To get around the performance problems, it’s possible to use the Lucene-inspired Ferret library that we looked at in section 12.2.1 to index data that’s in our database, and then query the index when we want to perform searches, rather than querying the database directly. Once Ferret returns the correct document IDs, we can use standard ActiveRecord methods to extract the data from the live database.

Problem

You want to index, then search via query, data stored in a single Rails model using a Ferret- or Solr-based index.

Solution

We are going to focus on a Ferret-based solution, and then we’ll take a quick look at how to change the solution to work using Solr. As the interfaces of the two plugins are so similar, a full, second solution for Solr is not necessary.
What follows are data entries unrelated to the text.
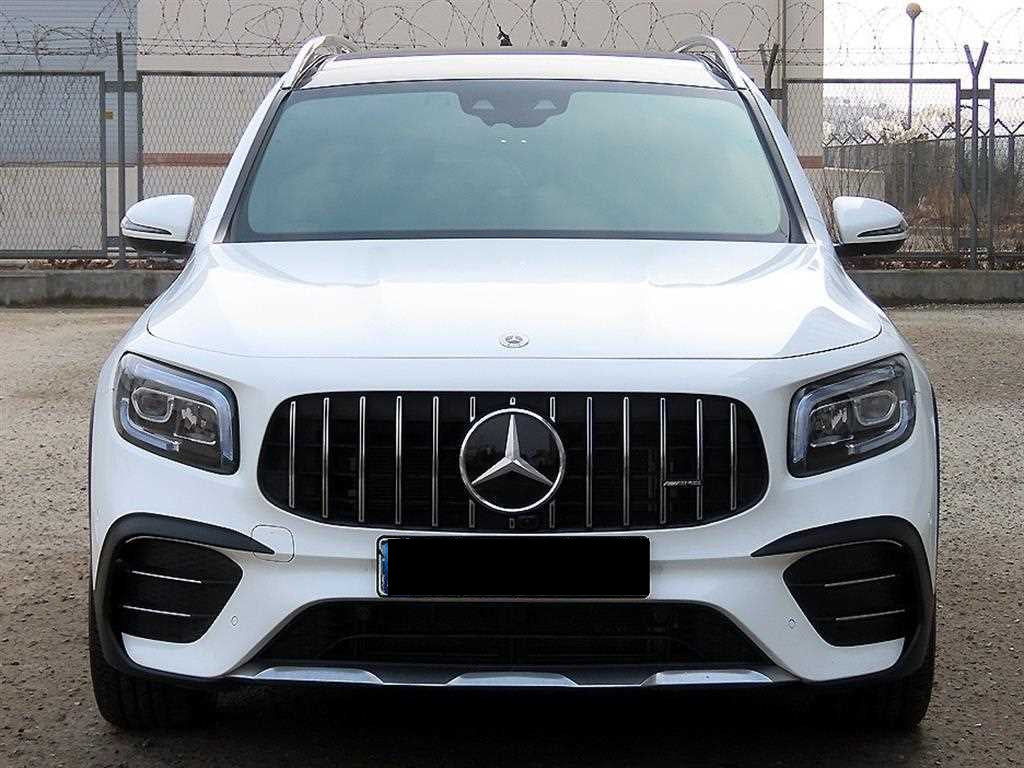 Mercedes-Benz GLB-Class — photo 01
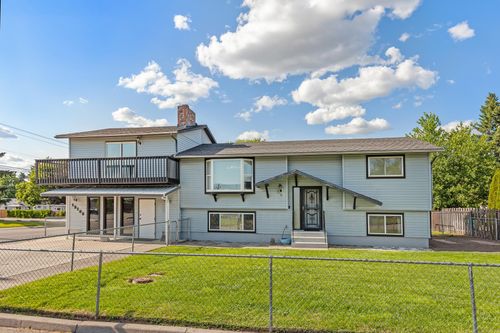 13015 E Mallon Ct, Spokane Valley, WA, 99216 | Card Image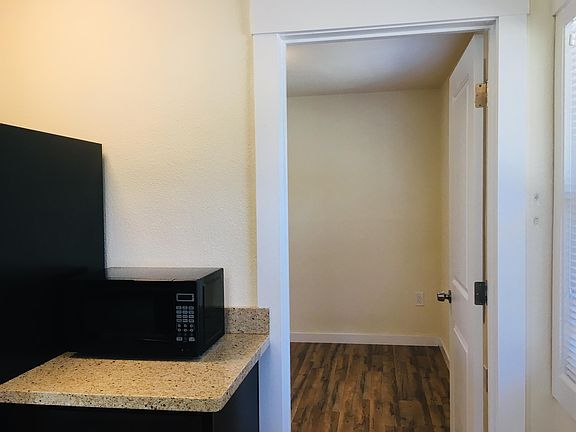 5th image of 4550 Lakeshore Blvd #1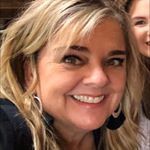 Profile Picture of Lori Fickling (@livelaughlori) on Instagram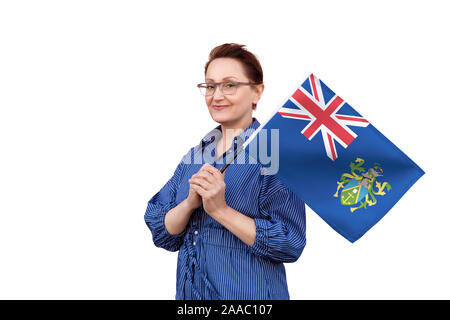 Isole Pitcairn bandiera. Donna che mantiene bandiera. Bel ritratto di mezza età lady 40 50 anni tenendo un grande bandiera isolati su sfondo bianco. Foto Stock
Note that this solution relies on having Ferret installed (as explained in section 12.2.1). You will also need the acts_as_ferret Rails plugin, which can be installed simply:


gem install acts_as_ferret

Once acts_as_ferret is installed, add the following line to the end of your config/environment.rb file, and the remainder of the solution will work:


require 'acts_as_ferret'

Once acts_as_ferret is installed and included in our Rails application, using Ferret’s features on our models becomes extremely trivial. To get started, open your model file (app/models/post.rb or whichever model you please), and edit it so it looks similar to listing 12.10. Note the call to acts_as_ferret; this tells the plugin that this model is searchable.
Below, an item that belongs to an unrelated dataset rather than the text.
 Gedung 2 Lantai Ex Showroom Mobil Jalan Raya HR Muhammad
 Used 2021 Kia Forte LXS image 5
Listing 12.10. A simple search-enabled class using acts_as_ferret

Querying the index is very simple and offers helpers that will work from models, controllers, and views:


Post.find_by_contents("test").each do |post|
result_title = post.title
result_score = post.ferret_score
end

The acts_as_ferret line throws a whole set of gears into action that take care of indexing and tracking the title and content fields/attributes on our Post objects. But a more powerful style to follow is the style shown in listing 12.10 . This style is more complex, but it allows us to specify options for each field, much as we did in section 12.2.1. Similar to our example in listing 12.2, we apply a boost to a particular field. This means that words contained within the title of a post are considered more important than those in the content. Because titles are usually more concise and targeted than the content of blog posts, this is a good use of the boost technique.

You can also specify whether or not Ferret should store the data it’s indexing by using the :store option, much as we did in listing 12.2 (by default, storing is off):


acts_as_ferret :fields => {
:title => { :boost => 10, :store => :yes },
:content => { }
}

Now let’s add posts to be indexed to our database (you can do this using the script/console tool to make it easier):


Post.create(:title => "Test Post", :content => "A test document!")
Post.create(:title => "Another Post", :content => "More test stuff!")
Post.create(:title => "Third Post", :content => "End of testing")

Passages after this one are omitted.